Every six months, my colleagues and I at Sibylline (which is a geopolitical consultancy in case you don’t knot it) publish our Mid-Year Forecast, bringing together our assessment of the geopolitical, economic and security trends most likely to shape the months ahead. This week’s States of Play is my take on what this year’s report tells us about the world today.
Will the Democrats regain the House of Representatives? Could Taiwan become the world’s most dangerous flashpoint? Why are CEOs increasingly finding themselves on the frontline of geopolitical risk? And how might climate change become a driver of international instability? These are just some of the questions we explore.
What follows is my interpretation of the report’s biggest themes and why I think they matter. If you’d like to explore the full analysis, including our most likely and most dangerous scenarios, you can order the complete Sibylline Mid-Year Forecast 2026 here.
Many thanks for reading.
Sam
The Age of Polycrisis
At first glance, the ten questions explored in this year’s Mid-Year Forecast appear to have little in common. They range from the US midterm elections and strategic competition with China to climate change, cyber attacks and the future of Ukraine. Yet together they reveal a much bigger story. They describe a world in which geopolitical, economic, technological and environmental risks no longer exist in separate silos but increasingly collide, overlap and reinforce one another.
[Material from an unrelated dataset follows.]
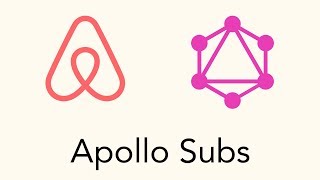 Real Time Messages with React Apollo Subscriptions - Part 61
This is what many now describe as what I have written about before: a polycrisis. A conflict in the Middle East pushes up energy prices around the world. Climate shocks fuel food insecurity and migration. Political instability reshapes foreign policy, while geopolitical rivalry reaches ever deeper into boardrooms and supply chains. The challenge is no longer responding to one major shock at a time. Instread, governments, businesses and societies are increasingly confronted by multiple crises unfolding simultaneously, each amplifying the next. Volatility is no longer the exception; rather, it is becoming the operating environment.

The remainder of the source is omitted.